> [GIVEN DATA]
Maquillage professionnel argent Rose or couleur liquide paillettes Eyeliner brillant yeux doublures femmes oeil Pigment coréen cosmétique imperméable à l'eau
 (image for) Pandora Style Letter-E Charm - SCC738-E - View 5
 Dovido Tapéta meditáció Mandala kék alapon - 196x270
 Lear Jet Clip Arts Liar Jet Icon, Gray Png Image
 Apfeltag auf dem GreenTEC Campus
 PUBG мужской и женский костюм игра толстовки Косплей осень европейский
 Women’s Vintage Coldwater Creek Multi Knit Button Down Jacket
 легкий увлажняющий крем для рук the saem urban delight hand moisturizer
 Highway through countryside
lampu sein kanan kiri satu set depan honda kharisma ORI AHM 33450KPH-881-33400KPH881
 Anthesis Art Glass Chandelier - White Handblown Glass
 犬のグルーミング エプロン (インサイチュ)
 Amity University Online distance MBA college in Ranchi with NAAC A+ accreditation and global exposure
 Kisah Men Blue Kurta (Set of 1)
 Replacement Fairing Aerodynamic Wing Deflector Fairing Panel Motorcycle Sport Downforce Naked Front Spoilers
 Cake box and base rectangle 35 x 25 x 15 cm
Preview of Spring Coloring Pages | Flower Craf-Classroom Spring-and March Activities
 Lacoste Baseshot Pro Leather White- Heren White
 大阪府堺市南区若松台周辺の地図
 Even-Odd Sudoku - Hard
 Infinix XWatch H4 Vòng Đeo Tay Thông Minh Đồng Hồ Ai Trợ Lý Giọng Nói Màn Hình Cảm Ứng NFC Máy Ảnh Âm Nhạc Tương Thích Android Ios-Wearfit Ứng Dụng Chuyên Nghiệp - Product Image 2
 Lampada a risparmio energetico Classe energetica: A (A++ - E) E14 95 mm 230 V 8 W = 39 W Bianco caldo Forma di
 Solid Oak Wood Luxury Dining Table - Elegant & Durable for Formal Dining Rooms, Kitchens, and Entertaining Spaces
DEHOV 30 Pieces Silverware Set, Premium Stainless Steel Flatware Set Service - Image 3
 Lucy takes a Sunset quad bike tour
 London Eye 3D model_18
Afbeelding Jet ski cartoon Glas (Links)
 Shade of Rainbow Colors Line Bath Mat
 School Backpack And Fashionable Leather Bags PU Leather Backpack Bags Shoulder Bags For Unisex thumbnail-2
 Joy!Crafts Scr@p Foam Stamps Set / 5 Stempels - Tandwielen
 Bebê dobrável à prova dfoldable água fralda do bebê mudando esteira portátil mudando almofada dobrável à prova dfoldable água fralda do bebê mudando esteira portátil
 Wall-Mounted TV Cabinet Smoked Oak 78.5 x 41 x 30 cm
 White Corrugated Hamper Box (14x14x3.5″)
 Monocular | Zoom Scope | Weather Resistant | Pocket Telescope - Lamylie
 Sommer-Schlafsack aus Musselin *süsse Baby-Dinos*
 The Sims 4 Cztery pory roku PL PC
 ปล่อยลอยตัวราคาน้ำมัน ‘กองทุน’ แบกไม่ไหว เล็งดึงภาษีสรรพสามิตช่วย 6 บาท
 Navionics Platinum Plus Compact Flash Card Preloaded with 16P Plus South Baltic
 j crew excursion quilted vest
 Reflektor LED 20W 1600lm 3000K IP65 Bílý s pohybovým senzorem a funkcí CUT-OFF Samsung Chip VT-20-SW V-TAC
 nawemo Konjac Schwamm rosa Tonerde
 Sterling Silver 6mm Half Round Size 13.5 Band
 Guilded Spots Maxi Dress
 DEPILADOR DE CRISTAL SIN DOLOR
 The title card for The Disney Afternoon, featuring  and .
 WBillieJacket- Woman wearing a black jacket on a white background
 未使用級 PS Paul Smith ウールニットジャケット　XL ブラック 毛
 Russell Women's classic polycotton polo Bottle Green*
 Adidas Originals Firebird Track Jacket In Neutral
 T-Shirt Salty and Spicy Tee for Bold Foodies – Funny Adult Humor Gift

> [WHAT IS BEING ASKED] As the answer, set down only the lines from the data above between the one holding "Highway through countryside" and the one holding "Monocular | Zoom", inclusive, exactly as they read.

> [RESULT OF THE EXERCISE]
 Highway through countryside
lampu sein kanan kiri satu set depan honda kharisma ORI AHM 33450KPH-881-33400KPH881
 Anthesis Art Glass Chandelier - White Handblown Glass
 犬のグルーミング エプロン (インサイチュ)
 Amity University Online distance MBA college in Ranchi with NAAC A+ accreditation and global exposure
 Kisah Men Blue Kurta (Set of 1)
 Replacement Fairing Aerodynamic Wing Deflector Fairing Panel Motorcycle Sport Downforce Naked Front Spoilers
 Cake box and base rectangle 35 x 25 x 15 cm
Preview of Spring Coloring Pages | Flower Craf-Classroom Spring-and March Activities
 Lacoste Baseshot Pro Leather White- Heren White
 大阪府堺市南区若松台周辺の地図
 Even-Odd Sudoku - Hard
 Infinix XWatch H4 Vòng Đeo Tay Thông Minh Đồng Hồ Ai Trợ Lý Giọng Nói Màn Hình Cảm Ứng NFC Máy Ảnh Âm Nhạc Tương Thích Android Ios-Wearfit Ứng Dụng Chuyên Nghiệp - Product Image 2
 Lampada a risparmio energetico Classe energetica: A (A++ - E) E14 95 mm 230 V 8 W = 39 W Bianco caldo Forma di
 Solid Oak Wood Luxury Dining Table - Elegant & Durable for Formal Dining Rooms, Kitchens, and Entertaining Spaces
DEHOV 30 Pieces Silverware Set, Premium Stainless Steel Flatware Set Service - Image 3
 Lucy takes a Sunset quad bike tour
 London Eye 3D model_18
Afbeelding Jet ski cartoon Glas (Links)
 Shade of Rainbow Colors Line Bath Mat
 School Backpack And Fashionable Leather Bags PU Leather Backpack Bags Shoulder Bags For Unisex thumbnail-2
 Joy!Crafts Scr@p Foam Stamps Set / 5 Stempels - Tandwielen
 Bebê dobrável à prova dfoldable água fralda do bebê mudando esteira portátil mudando almofada dobrável à prova dfoldable água fralda do bebê mudando esteira portátil
 Wall-Mounted TV Cabinet Smoked Oak 78.5 x 41 x 30 cm
 White Corrugated Hamper Box (14x14x3.5″)
 Monocular | Zoom Scope | Weather Resistant | Pocket Telescope - Lamylie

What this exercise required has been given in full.